▶ [Your instructions]:
Among the lines below, a stretch begins at the one with "A Passionate Adventurer" and ends at the one with "E88 Pro Foldable Drone Combo with 3 Battery". Repeat that stretch exactly, ends included.

▶ [The data]:

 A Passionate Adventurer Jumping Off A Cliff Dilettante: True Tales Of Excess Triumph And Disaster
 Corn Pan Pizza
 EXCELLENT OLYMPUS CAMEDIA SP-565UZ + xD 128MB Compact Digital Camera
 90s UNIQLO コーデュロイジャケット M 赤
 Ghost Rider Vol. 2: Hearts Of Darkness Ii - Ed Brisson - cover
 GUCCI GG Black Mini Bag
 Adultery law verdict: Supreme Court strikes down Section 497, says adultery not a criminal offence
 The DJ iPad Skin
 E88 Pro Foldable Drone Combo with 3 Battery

==

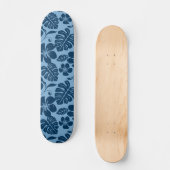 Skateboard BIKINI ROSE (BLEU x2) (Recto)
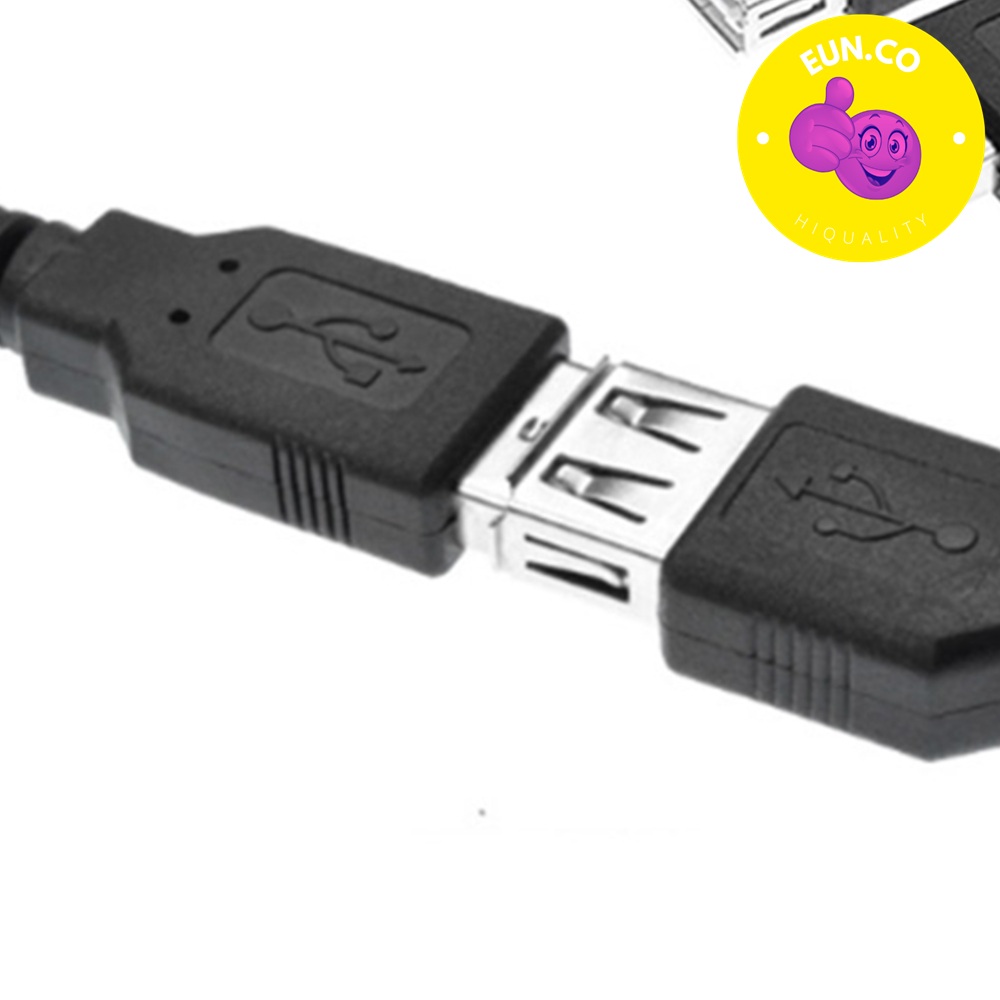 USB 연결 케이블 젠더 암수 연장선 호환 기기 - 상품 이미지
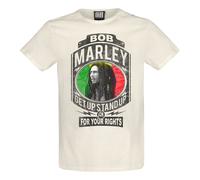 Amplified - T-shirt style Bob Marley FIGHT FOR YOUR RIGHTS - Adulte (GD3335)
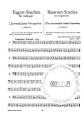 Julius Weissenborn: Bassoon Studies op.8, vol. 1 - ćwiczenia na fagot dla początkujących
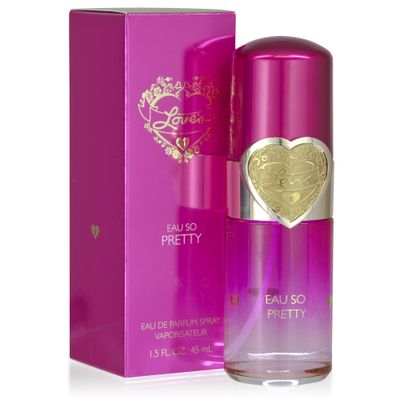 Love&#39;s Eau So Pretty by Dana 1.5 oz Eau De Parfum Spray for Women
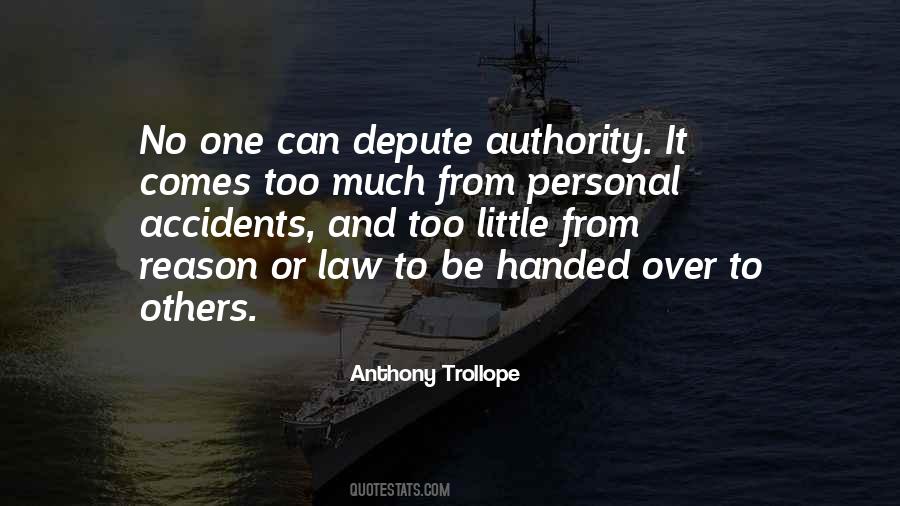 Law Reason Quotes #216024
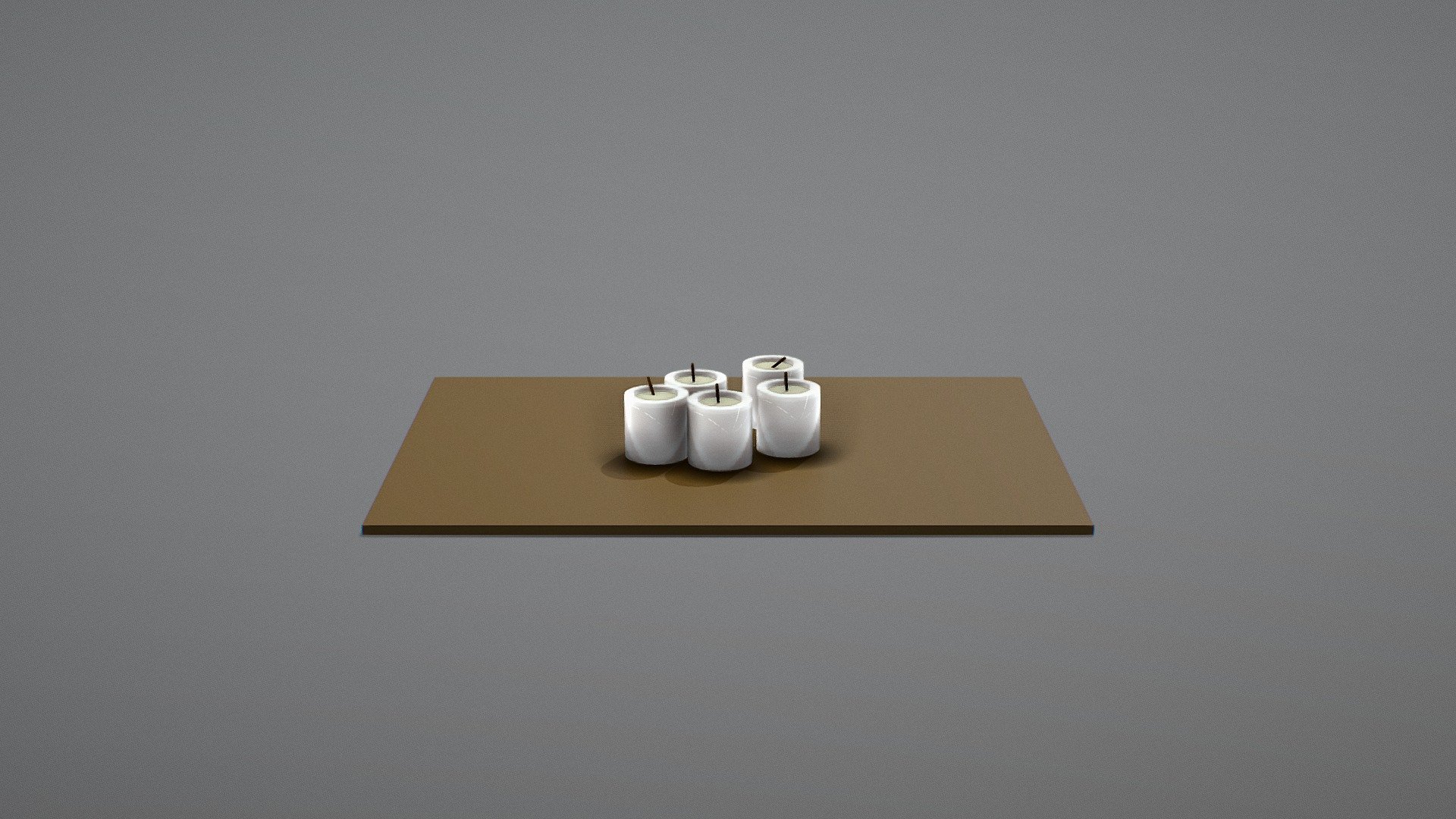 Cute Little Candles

---

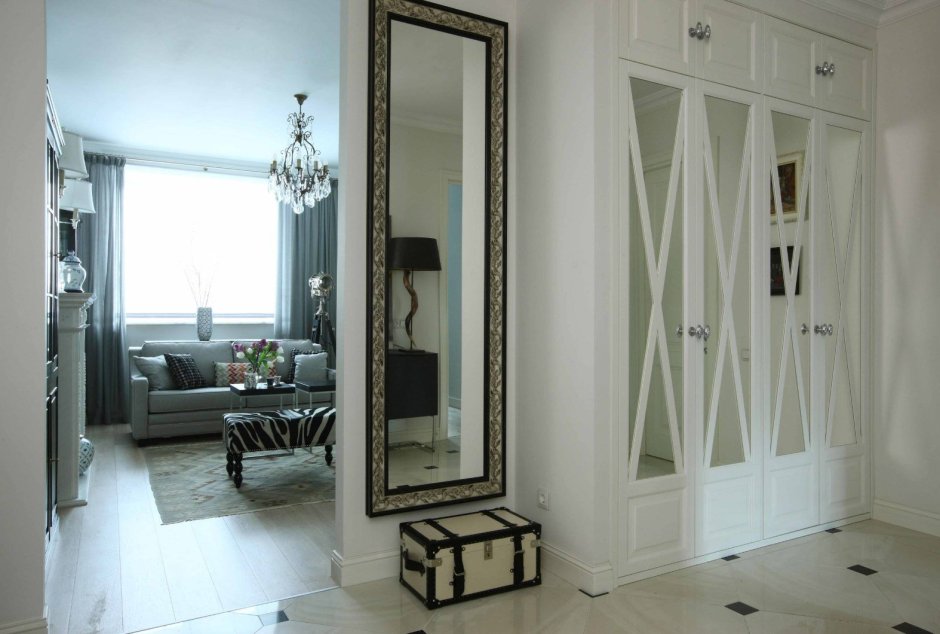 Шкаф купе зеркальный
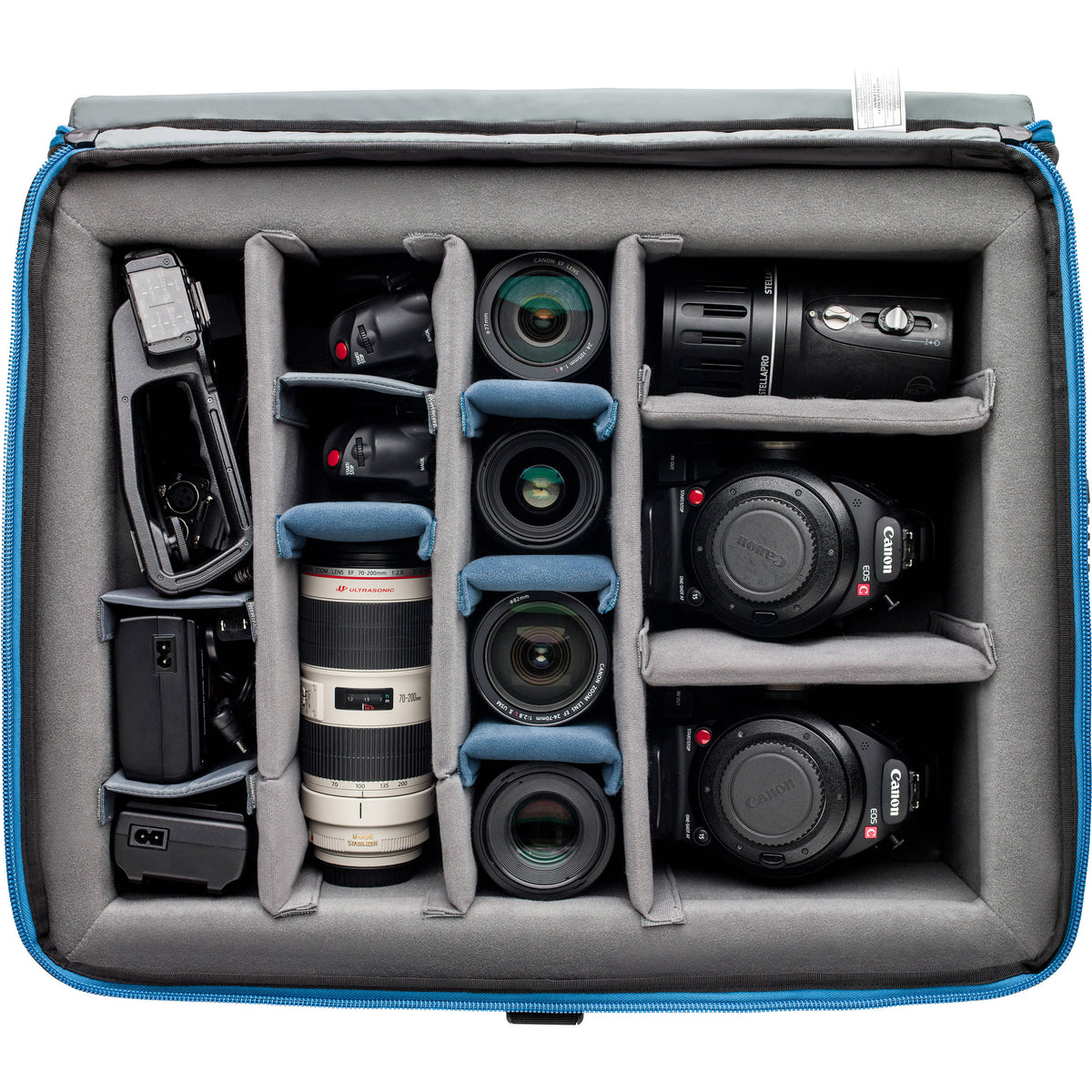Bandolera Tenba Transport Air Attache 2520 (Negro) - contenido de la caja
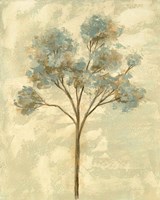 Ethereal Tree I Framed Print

▶ [Output for this exercise]:
 A Passionate Adventurer Jumping Off A Cliff Dilettante: True Tales Of Excess Triumph And Disaster
 Corn Pan Pizza
 EXCELLENT OLYMPUS CAMEDIA SP-565UZ + xD 128MB Compact Digital Camera
 90s UNIQLO コーデュロイジャケット M 赤
 Ghost Rider Vol. 2: Hearts Of Darkness Ii - Ed Brisson - cover
 GUCCI GG Black Mini Bag
 Adultery law verdict: Supreme Court strikes down Section 497, says adultery not a criminal offence
 The DJ iPad Skin
 E88 Pro Foldable Drone Combo with 3 Battery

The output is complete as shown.